On the one hand you have a premise that talks about a star and his long lost friend. On the other, you have Rajnikanth, whose real life so starkly mirrors the storyline.
Shouldn't this have been the perfect vehicle that tells us, or rather shows us, what the real Rajnikanth is like? The real Rajnikanth, who not unlike the character Ashok Kumar, has not just one but a handful of friends who supported him during his early struggling days and who the star still holds very dear. The real Rajnikanth, who does not shirk from sporting his grey stubble in public without a worry about that exclusive preserve of celebrity called image. An image, which most other stars spend a lifetime cultivating and then yet another in getting a makeover.
But Rajni is wasted. Agreed, merely his presence might be worth the acceptance money, but then Vasu could have done a lot more. Not even a bit of Rajni's famed off-screen persona shows in the movie. Most of Rajni's screen time is wasted as either a device to cue in songs or displaying bizarre special effects (the shoot is ostensibly that of a sequel to Chandramukhi [Images]).
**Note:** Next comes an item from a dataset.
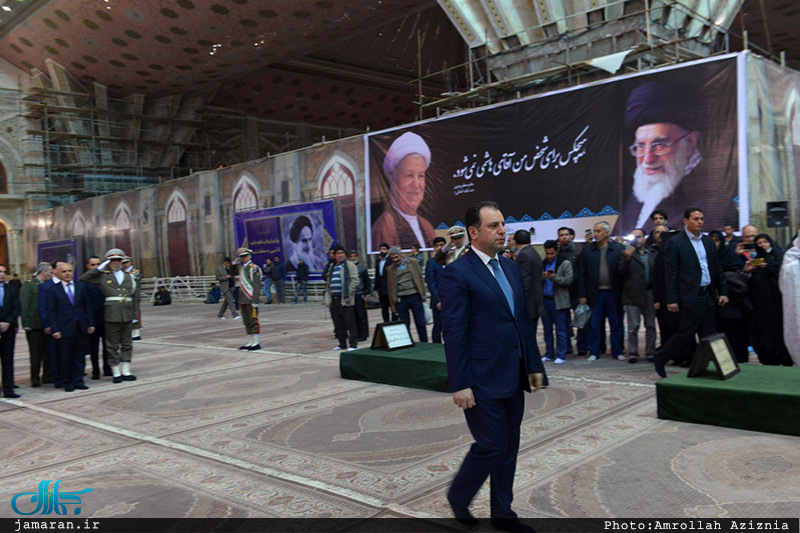 ادای احترام وزیر دفاع ارمنستان به مقام شامخ بنیانگذار جمهوری اسلامی ایران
The story is about a struggling villager, Bala (Pasupathy), trying to be content with whatever little he, his wife and three children have. Though he might be happy the way he is, there is no stopping others from ridiculing him. When a film crew lands in the village for a shoot, Bala learns that it is Ashok Kumar (Rajnikanth), a childhood friend with whom he lost touch 25 years ago, who is the star. When word gets out, (in the scene where she fills in fellow housewives with a part-true, part-made-up back story of the friendship between her husband and the star, Meena, who plays the wife, sparkles as the woman who probably believes or desperately wants to believe all her embellishments) his stock among fellow villagers naturally soars. But things take a turn for the worse, and the story has by now become so larger than life that people start doubting Bala for a liar. Whether he is vindicated makes up the rest of the story.
There is also a plug in the script aimed at dispelling criticism about Rajnikanth. There are hard-hitting questions asked about Rajnikanth like his political stand whenever an issue arises between Karnataka and Tamil Nadu. Then there are the flippant, gossipy and personal ones like why the heck does he have to pack off to the Himalayas at the drop of a hat. If at all the makers wanted to dispel criticism, it should have been those of the first kind. And director R Sundarrajan, for whom being loud has worked most of the times, is one decibel too shrill here.
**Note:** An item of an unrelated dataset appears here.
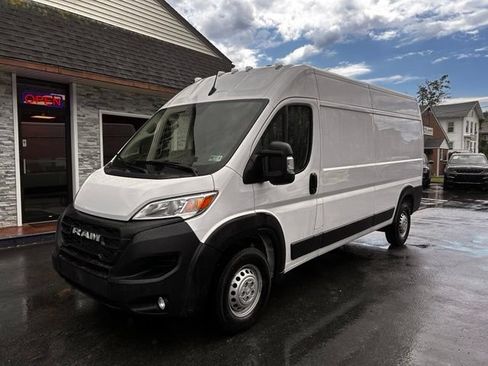 Used 2025 RAM ProMaster 2500 w/ Convenience Group FWD image 1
Vadivel leads an army of funny men and justifies his top billing among the comedians. The thing about him is that he does nothing his predecessors have not done. The comedy set-pieces where the joke is always on the comedian are the same. But it is what he does after the customary fall that sets Vadivel apart. And here too, though the comedy sequences are routine, he shines, the standout being the time when he gets to meet the star.
But Pasupathy is the real star of the movie. Today, there is no actor in the Tamil industry who can do helplessness and inability like he does, and Veiyyil was one fine example of that. Though it is familiar territory, Pasupathy plays the simpleton like no other. He also has the best lines. When his wife asks him why he never shared the details of the role he played in the star's life, he says: "Just revealing that he is a friend has made my life hell. Imagine what would have happened if I had told I meant much more to him."
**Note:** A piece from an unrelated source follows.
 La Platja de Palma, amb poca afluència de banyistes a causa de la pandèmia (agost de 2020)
Partly because it retains the flavour of the original script and partly because you are rooting for Pasupathy by then, the climax really works. If at all the movie has drawn you in, and by the time the ending nears, you desperately want Pasupathy to be vindicated.
Kuselan [Images] would have been a great watch had the makers used the premise as a tool to explore the phenomenon that makes Rajni the enigma he is. In trying to serve up a 'Rajni film' when the original script had space only for a cameo, the makers have ended up with a film where the star is reduced to merely a walk-on role rehashing his most popular one-liners from recent times. But Rajni being what he is, don't be surprised if nobody complains.